Interior Services Group saw profits fall by 61 per cent and its turnover drop by 14 per cent in the second half of 2009.
In the six months ended 31 December 2009, the contractor posted a turnover of £484 million compared with £562 million in the same period the previous year and saw pre-tax profit fall from £6.3 million to £2.4 million.
The group’s order book at December was £780 million - compared with £950 million in 2008 - of which £442 million is for delivery in the current financial year and £320 million for the next financial year.
ISG’s London division recorded a 39 per cent increase in profits to £3 million from £2.2 million in the second half of 2008 despite a £40 million fall in turnover.

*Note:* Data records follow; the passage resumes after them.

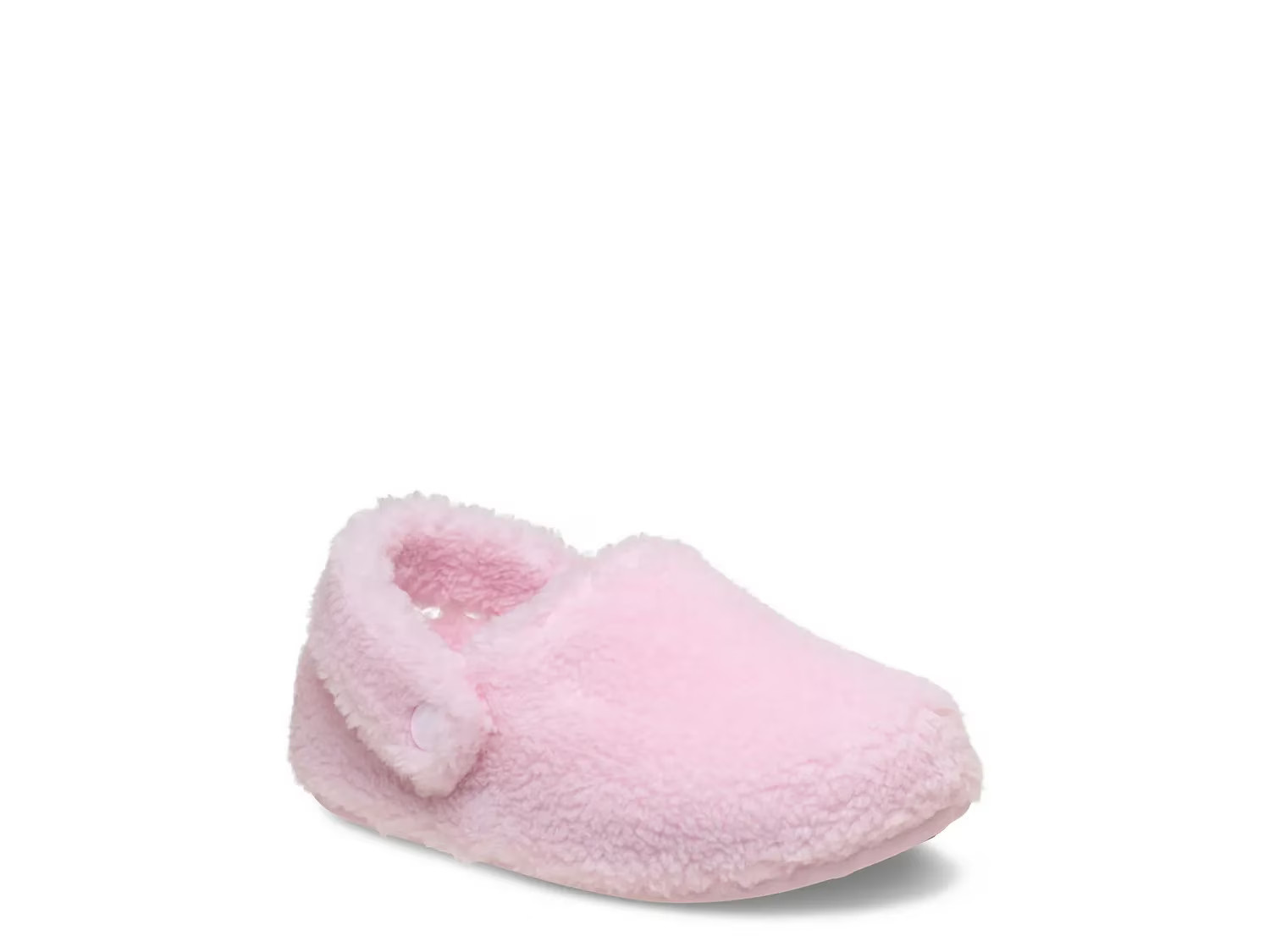 Crocs Classic Cozzzy Slipper Kids' | Girl's | Light Pink | Size 1 Youth | Slip-Ons | Slippers | DSW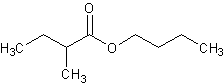 2-甲基丁酸丁酯结构式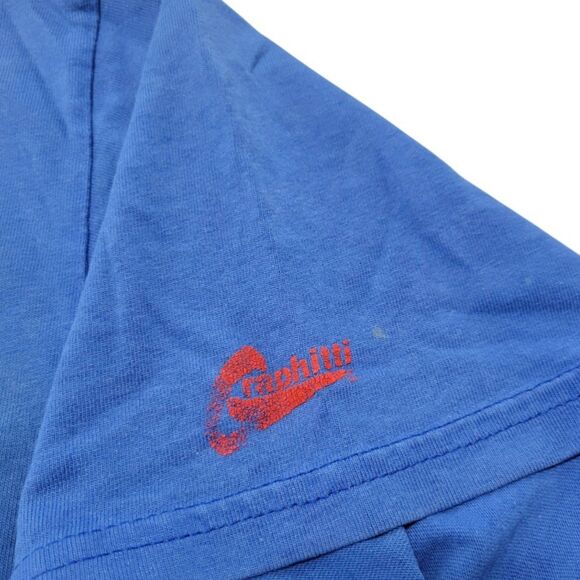 Rare Vintage Hanes Shirt Size XL DC Comics Superman Backwards Logo Graphic Print - Picture 9 of 11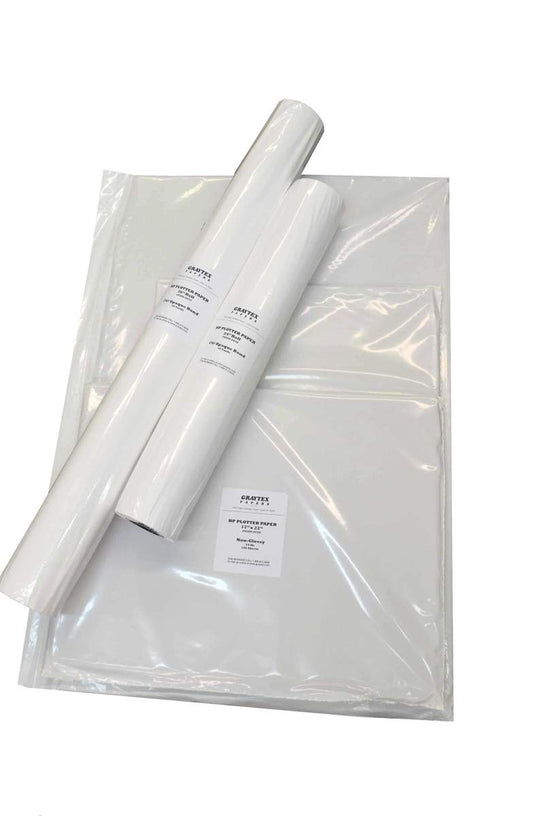 Bond Plotter Paper - Non-glossy - 24lb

Its regional construction division doubled its operating profit to £2.6 million compared with £1.3 million in the second half of 2008.
Meanwhile ISG’s European division saw a 29 per cent fall in revenue to £13 million from £18 million in 2008 and posted a loss of £0.9 million, citing cancellations or delays by blue chip clients due to the current economic climate.

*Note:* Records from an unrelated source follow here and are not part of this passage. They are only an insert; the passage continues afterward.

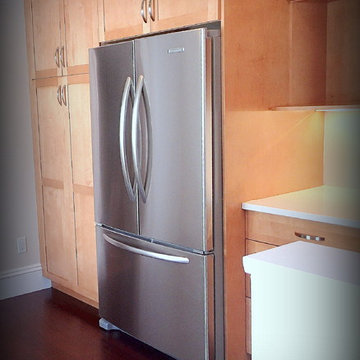 Refrigerator. Pantry, Microwave Cabinet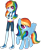 Size: 1280x1551 | Tagged: safe, artist:fantarianna, imported from derpibooru, rainbow dash, human, pegasus, pony, equestria girls, belt, clothes, converse, crossed arms, female, fingerless gloves, gloves, human and pony, human ponidox, looking at you, mare, pants, self ponidox, shoes, simple background, sneakers, transparent background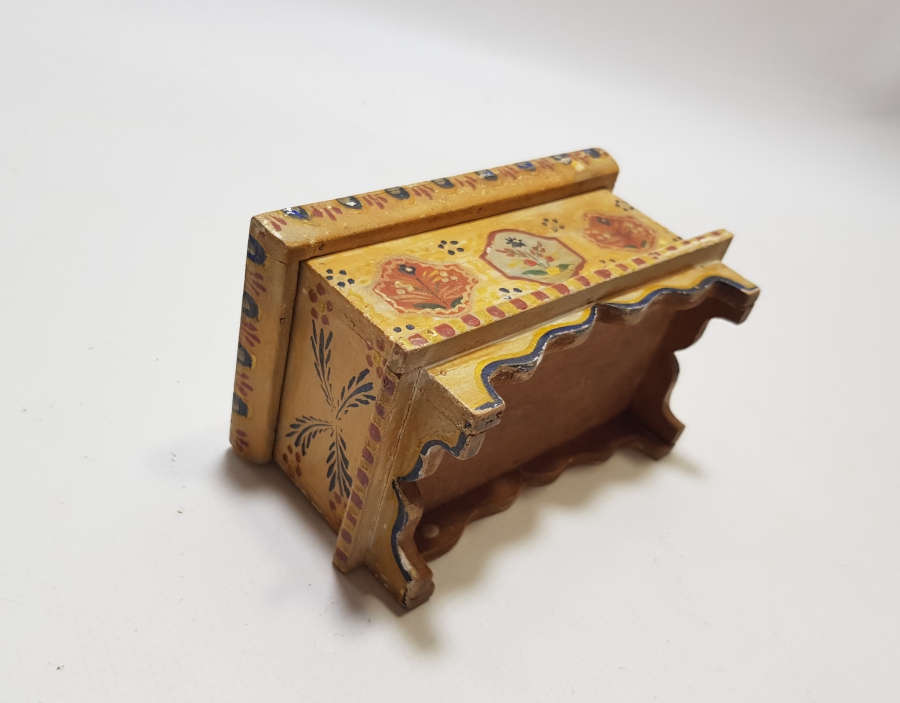 OSMANLI DÖNEMİ EL BOYAMA ÇOK NADİR AHŞAP TESPİH KUTUSU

It added that it still expects to make a profit from this division in light of its £29 million order book.
ISG chief executive David Lawther said: “I am pleased to announce a robust set of results despite the difficult trading environment and an increased interim dividend.

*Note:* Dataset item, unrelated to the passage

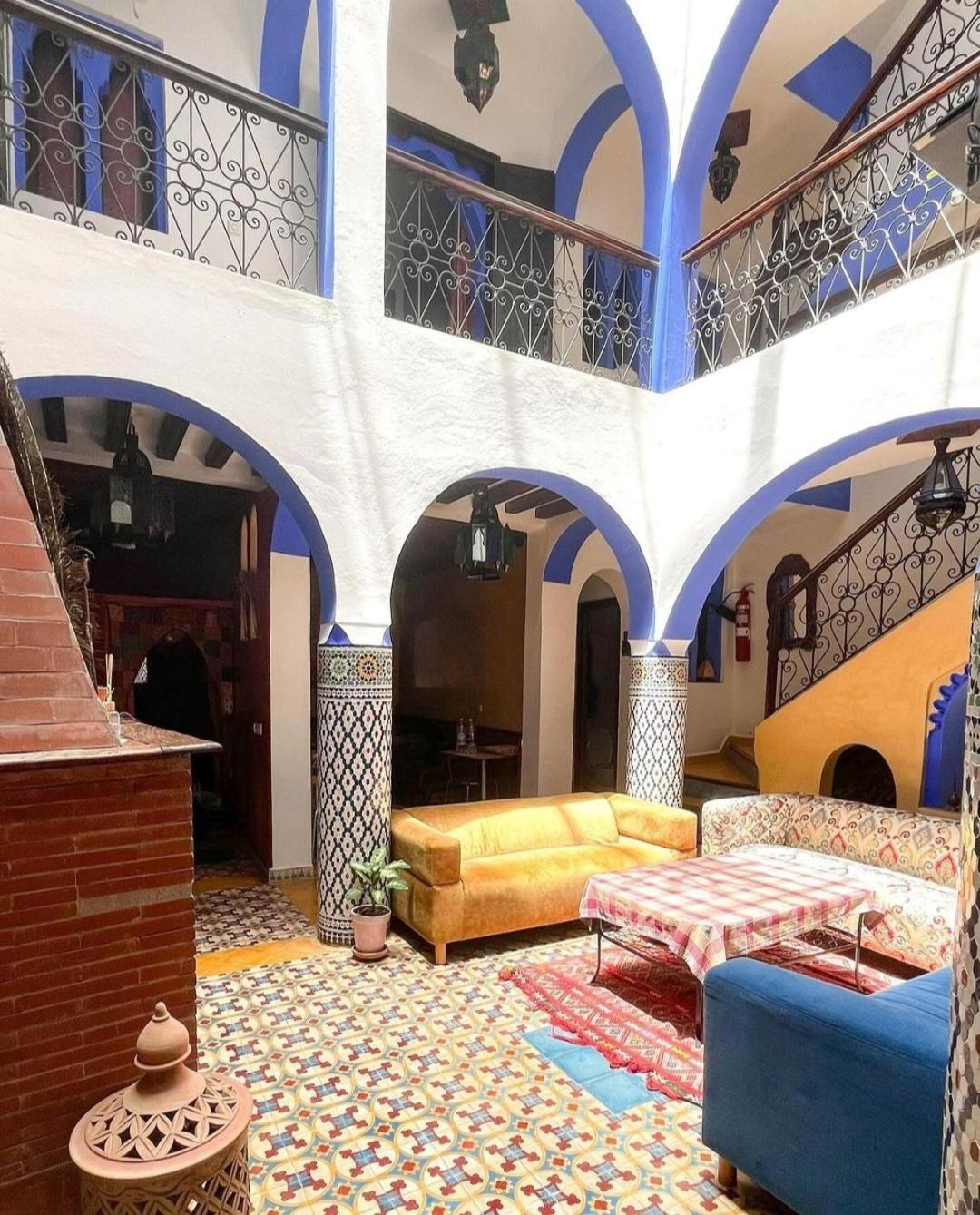 Riad Tassili Chaouen Šafšawán Exteriér fotografie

“Whilst our markets remain highly competitive, we have weathered the worst of the fallout from October 2008 and as these results demonstrate we are emerging in good health. We now feel confident that the group is well placed to resume the growth path demonstrated from 2004 through to 2008 as the markets recover. We will continue to pursue organic growth and acquisition opportunities.”
The fall in pre-tax profit was increased by an exceptional item of £1.9m, representing ISG’s estimate of the fines and legal costs resulting from Office of Fair Trading’s cover pricing investigation into two subsidiaries - Propencity Group and Pearce Construction, prior to ISG’s ownership.